Data under study |
Start of Block
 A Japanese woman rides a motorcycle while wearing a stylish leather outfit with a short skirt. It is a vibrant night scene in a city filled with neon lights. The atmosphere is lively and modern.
End of Block
Start of Block
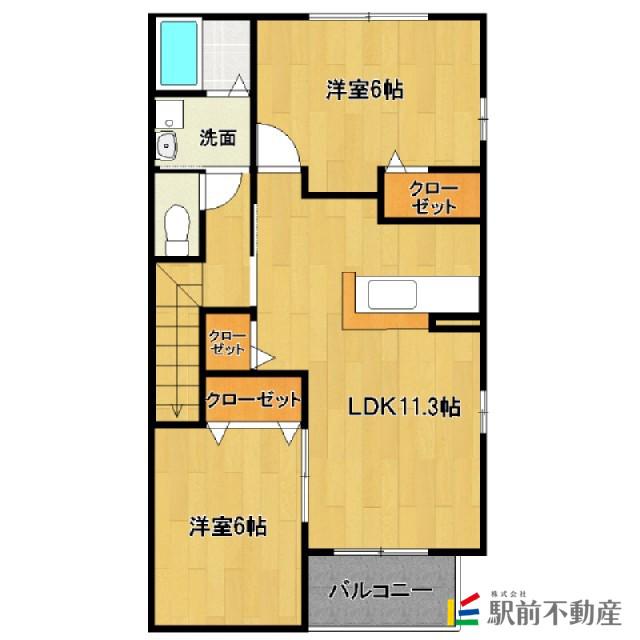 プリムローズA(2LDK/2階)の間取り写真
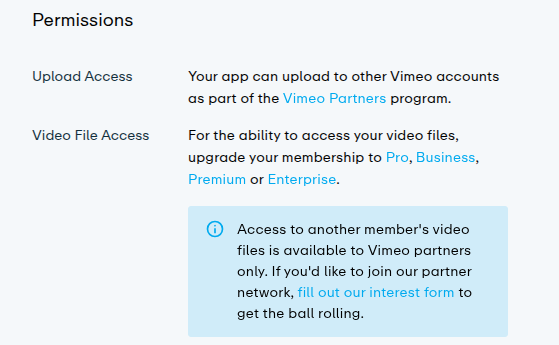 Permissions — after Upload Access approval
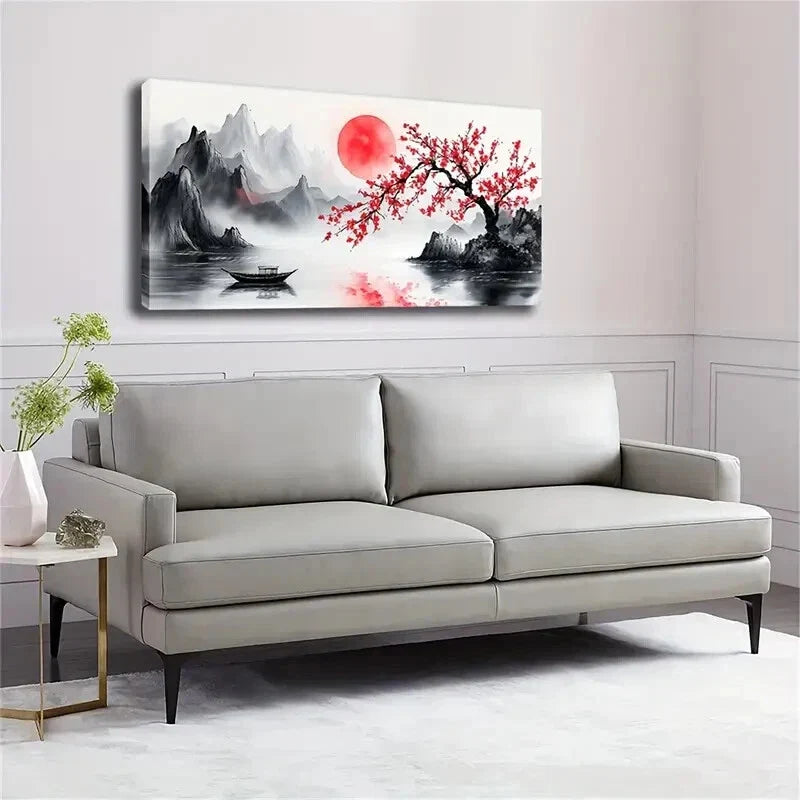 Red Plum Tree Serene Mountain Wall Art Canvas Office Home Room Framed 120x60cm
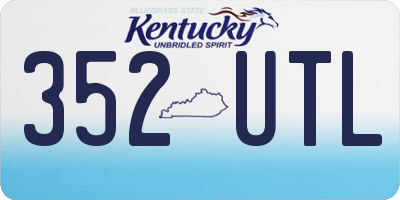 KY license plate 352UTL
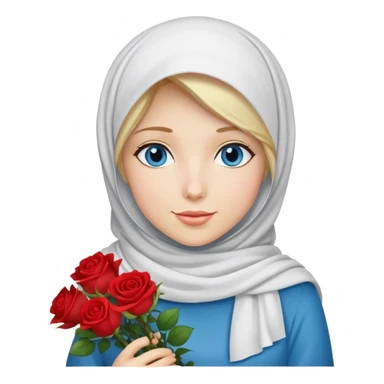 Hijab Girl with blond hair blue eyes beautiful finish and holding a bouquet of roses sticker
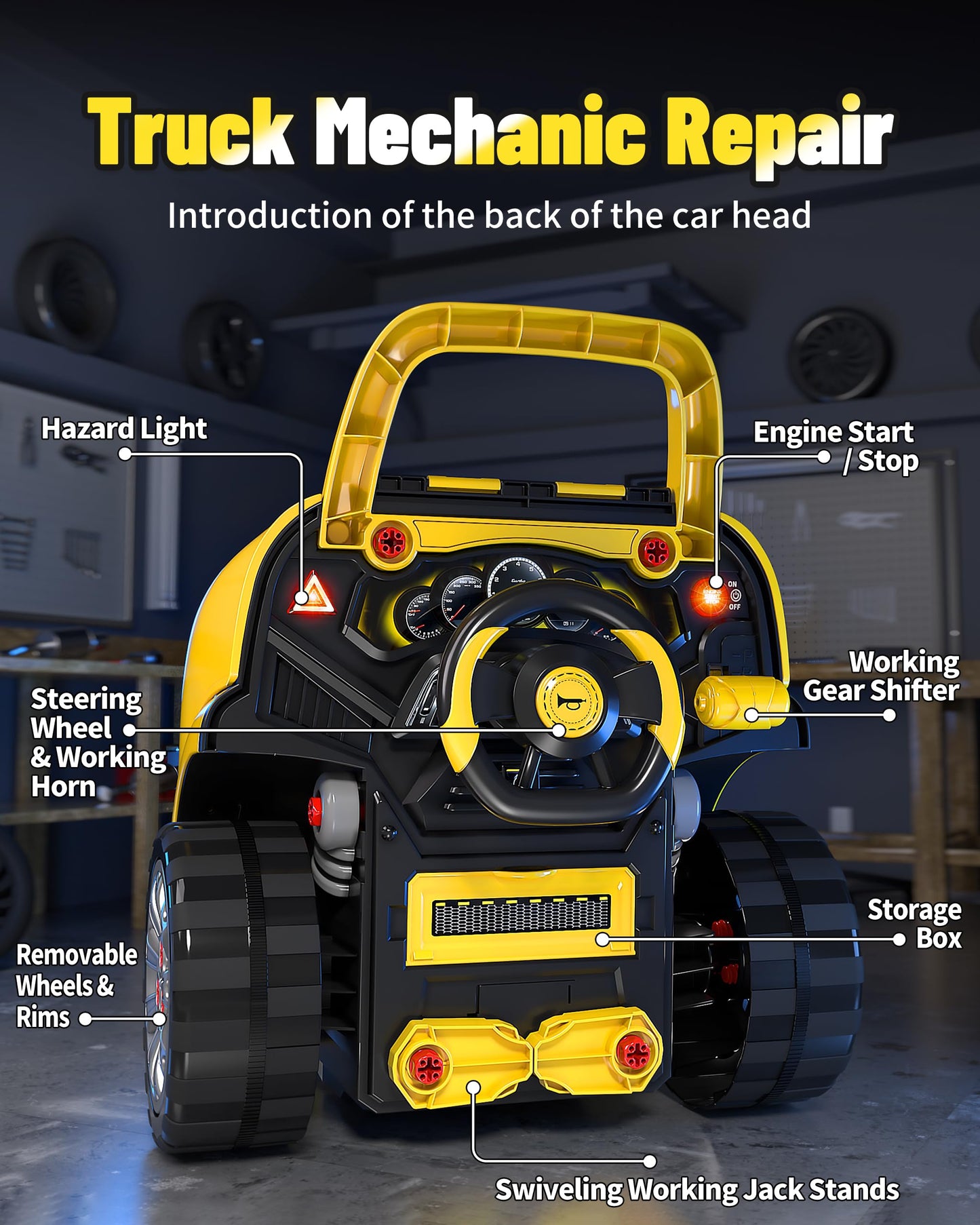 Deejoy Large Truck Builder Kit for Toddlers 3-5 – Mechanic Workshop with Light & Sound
End of Block
Exercise objective | Treat the line with "KY license plate 352UTL" as the start and the line with "Deejoy Large Truck" as the end, and return exactly that span of the data above, both ends included, without pictures.

Problem solution |
 KY license plate 352UTL
 Hijab Girl with blond hair blue eyes beautiful finish and holding a bouquet of roses sticker
 Deejoy Large Truck Builder Kit for Toddlers 3-5 – Mechanic Workshop with Light & Sound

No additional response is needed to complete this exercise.